Whatever it is, once you live with it every day for a year I think any story grows on you. I had about four lines myself, but I knew the whole thing forwards and backwards, actually saved the performance one time when the lead mixed up his lines and everyone froze up in panic.

This post has been made possible by a generous grant from High School Nostalgia foundation.

Meister
03-06-2010, 03:56 AM
silly things would happen like shows written for small ensemble casts where each actor was intended to play several different roles being changed into huge cast productions where each character was given to a specific person who and everyone but the lead ending up with one or two lines.
We usually had three times as many girls as guys interested in participating so we'd often do things the other way around and one or two of us ended up playing two different roles. I remember once I had two roles that required me to walk offstage, dress completely differently within 30 seconds or so and walk right back on.

I actually wrote a play once that we performed. (I should say I and some other students in literature class wrote it but even they were the first ones to stress I did the majority of the work so whatever.) It was silly and shallow and probably had enormous plot holes but it also had its genuinely funny moments.

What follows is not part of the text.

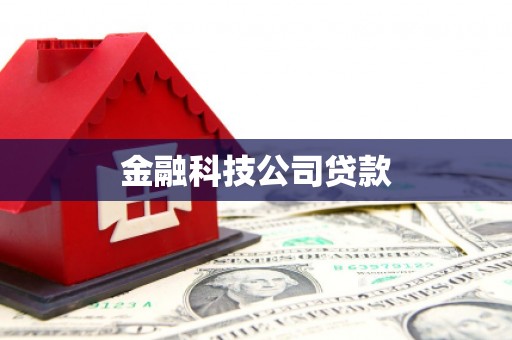 水林金融科技公司贷款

What we were supposed to do in this class was write a play about the man the school was named after, and it ended up being about him returning to the mortal realm from Heaven's Waiting Room to solve a murder at the school together with some very silly policemen and Death himself.

The police were probably the best part but a special mention goes to the guy who agreed, with alarmingly little fuss, to have his head shaved bald (male pattern, not completely) to create what can only be described as the spitting image of the school principal, all for about one minute of stage time.

This post has been made possible by a generous grant from High School Nostalgia foundation.
Hah, no kidding.

The Sevenshot Kid
03-06-2010, 12:22 PM
There were only thirteen guys with seven roles and at least twenty-five girls with eleven roles. The play is called Curtain Going Up! and its about a new drama teacher, Ms. Burgess, trying to put up a successful production amongst all the chaos. I play Mr. Carter, her love interest and fellow teacher.

Since the town I live in is kinda small, there is more focus on athletics than drama but some of our best actors are also the best athletes. Our school has a history of producing athletes and musicians.